>> Monday, September 17, 2007
Roy Greenslade, blogging at the Grauniad, asks BBC Newsround's al-Qaeda posting: why, oh why, did they do it?, mentioning Biased BBC's role in getting the BBC to revise their CBBC Newsround 9/11 Guide (again).
Roy describes Biased BBC as being being "cock-a-hoop because, lo and behold, it appears to have achieved a major climbdown". And there was me thinking my 'It looks like we've had a result' post was quite restrained - particularly since we haven't had any word from the BBC beyond the change itself, given our experience of BBC Views Online pages magically changing whenever the BBC think's no one is looking.

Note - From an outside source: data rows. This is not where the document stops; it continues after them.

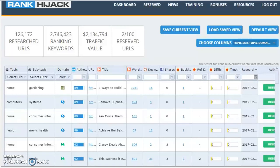Hey guys, it's been a little while since I've done a review video but I wanted to jump on this one. Last year Matt Garrett came out with this product Rank Hijack and it's done so well. It's a very good tool.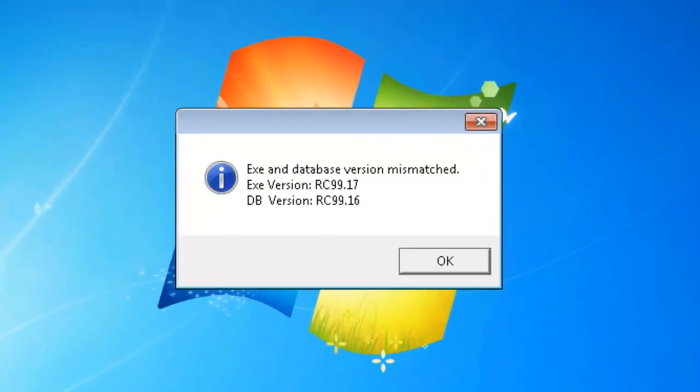By opening your GoFrugal ARPA 7, if you get this error message of DB and EXE version mismatch, don't worry, it can be solved immediately.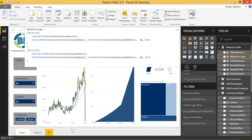Welcome back to another DAX for Power BI tutorial. If you like the video, make sure you subscribe to the channel and hit the bell. In today's video, I'm going to show you a very interesting spin on the 12-month rolling average.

Roy is right about it being a major climbdown for the BBC, the revisions coming all of 48 hours after Sinead Rocks, Newsround's Editor, declared "we stand by" the previous version - and this was after she'd taken it offline for a day 'for review'. I wonder what changed between one review and the next a couple of days later.
More interestingly, Roy writes:
I tend to be, as a liberal, somewhat sceptical about claims of bias, but I have to say my breath was taken away by an extraordinary revelation on Damian Thompson's Daily Telegraph blog [referring to Biased BBC's story] about an item on the BBC Newsround website which is, of course, to inform young people.
Having recovered his breath, Roy concludes:
I think it's fair to ask the BBC to be more forthcoming about how they did do it? Was that really unconscious or conscious bias? Who was responsible? Have they been disciplined? We need to know more.
Those are questions we'd like to see answered too - tellytaxpayers deserve a bit more of an explanation than just a few quiet anonymous edits. Time for another post on the BBC Editors Blog it seems.
I have a question for Roy (and his fellow BBC bias sceptics) though. Given that the version that the BBC "stood by" took Roy's breath away, what is his reaction to the newly recovered CBBC Newsround 9/11 Guide (see post below) that was online for several years, until June 2007, when the matter was first raised by Biased BBC? Thank you to Peter for the link.